Perl 4 went through a series of maintenance releases, culminating in Perl 4.036 in 1993. At that point, Larry Wall abandoned Perl 4 to begin work on Perl 5. Perl 4 remains at version 4.036 to this day.

Development of Perl 5 continued into 1994. The perl5-porters mailing list was established in May 1994 to coordinate work on porting Perl 5 to different platforms. It remains the primary forum for development, maintenance, and porting of Perl 5.

Perl 5 was released on October 17, 1994. It was a nearly complete rewrite of the interpreter, and added many new features to the language, including objects, references, packages, and modules. Importantly, modules provided a mechanism for extending the language without modifying the interpreter. This allowed the core interpreter to stabilize, even as it enabled ordinary Perl programmers to add new language features.

On October 26, 1995, the Comprehensive Perl Archive Network (CPAN) was established. CPAN is a collection of web sites that archive and distribute Perl sources, binary distributions, documentation, scripts, and modules. Originally, each CPAN site had to be accessed through its own URL; today, the single URL http://www.cpan.org automatically redirects to a CPAN site.

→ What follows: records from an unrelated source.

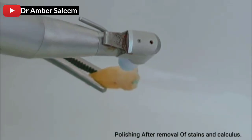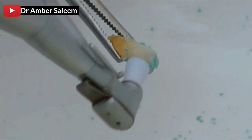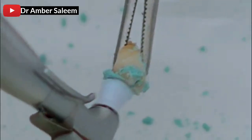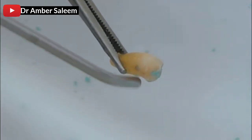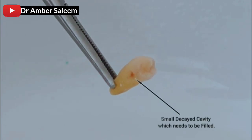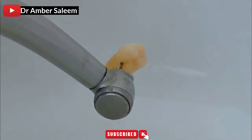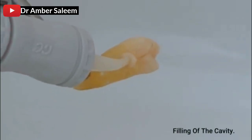Pulp after removal of stains and calculus. Cleaning with air water spray — small decayed cavity which needs to be filled. Removal of decayed cavity, drills, filling up.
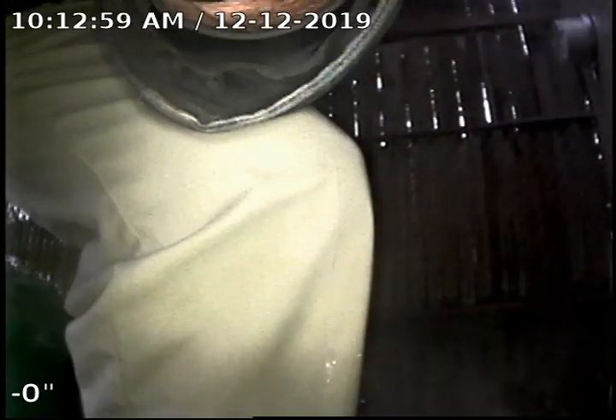Hi, this is Brian with Mr. Reuter Plumbing doing a sewer scope at 3412 Southwest Moss Street, Portland 97219. We're also going to be doing part of this video for 3408 and 3404. We're checking for a non-conforming sewer line.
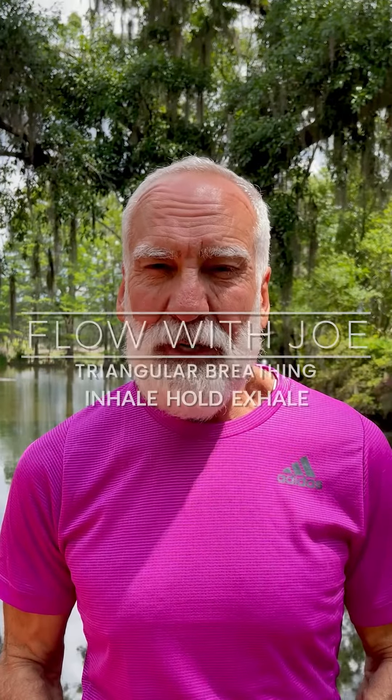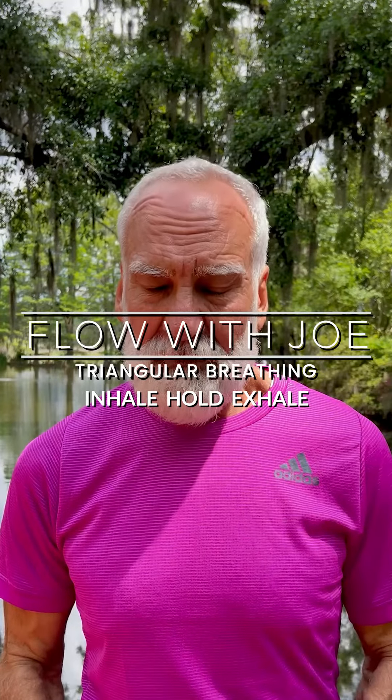Thanks for joining me. Welcome to Flow with Joe. Today we're going to practice some triangular breathing. Let's flow.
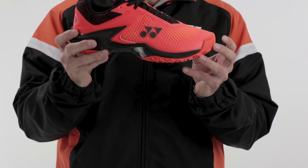So for 2018, we've taken a tour-quality shoe, we've made it lighter, we've made it more durable, and we've improved the cushioning. The Eclipsion for 2018 — again, another fantastic shoe from Yonex.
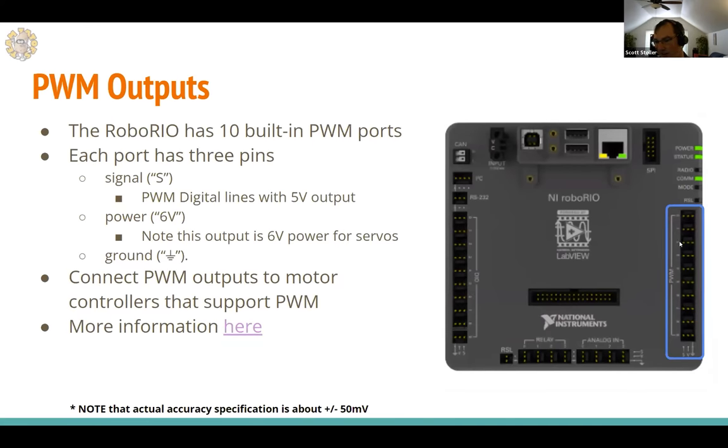The RoboRio also has 10 built-in PWM output ports. Each has three pins: a signal pin (PWM digital output at 5V), a power pin (6V output for servos), and ground. Some teams use none of the PWM outputs while others use them heavily — if you're using servos or motor controllers that support PWM, you'll need these outputs.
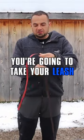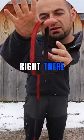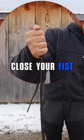The unbreakable grip works like this. You're going to take your leash and let it kind of fall over itself. Put your thumb right there through the loop, and bring that loop into the palm of your hand, and close your fist.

As of 2006, Perl 5 is still being actively maintained. It now includes Unicode support. The latest stable release is Perl 5.8.8.

Future

Main article: Perl 6

At the 2000 Perl Conference, Jon Orwant made a case for a major new language initiative. This led to a decision to begin work on a redesign of the language, to be called Perl 6. Proposals for new language features were solicited from the Perl community at large, and over 300 RFCs were submitted.

Larry Wall spent the next few years digesting the RFCs and synthesizing them into a coherent framework for Perl 6. He has presented his design for Perl 6 in a series of documents called apocalypses, which are numbered to correspond to chapters in Programming Perl ("The Camel Book"). The current, unfinalized specification of Perl 6 is encapsulated in design documents called Synopses, which are numbered to correspond to Apocalypses.

Perl 6 is not intended to be backwards-compatible, though there will be a compatibility mode.

In 2001, it was decided that Perl 6 would run on a cross-language virtual machine called Parrot. This will mean that other languages targeting the Parrot will gain native access to CPAN and will allow some level of cross-language development.

In 2005 Audrey Tang created the pugs project, an implementation of Perl 6 in Haskell. This was and continues to act as a test platform for the Perl 6 language (separate from the development of the actual implementation) allowing the language designers to explore. The pugs project resulted in an active Perl/Haskell cross-language community centred around the Freenode #perl6 irc channel.

A number of features in the Perl 6 language now show similarities with Haskell, and Perl 6 has been embraced by the Haskell community as a potential scripting language.

As of 2006 Perl 6, Parrot, and pugs are under active development.

CPAN

Main article: CPAN

CPAN, the Comprehensive Perl Archive Network, is a collection of mirrored web sites that serve as a primary archive and distribution channel for Perl sources, distributions, documentation, scripts, and—especially—modules. It is commonly browsed with the search engine http://search.cpan.org/.

There are currently over 8,800 modules available on CPAN, contributed by over 2,500 authors. Modules are available for a wide variety of tasks, including advanced mathematics, database connectivity, and networking. Essentially everything on CPAN is freely available; much of the software is licensed under either the Artistic License, the GPL, or both. Anyone can upload software to CPAN via PAUSE, the Perl Authors Upload Server.

Modules on CPAN can be downloaded and installed by hand. However, it is common for modules to depend on other modules, and following module dependencies by hand can be tedious. Both the CPAN.pm module (included in the Perl distribution) and the improved CPANPLUS module offer command line installers that understand module dependencies; they can be configured to automatically download and install a module and, recursively, all modules that it requires.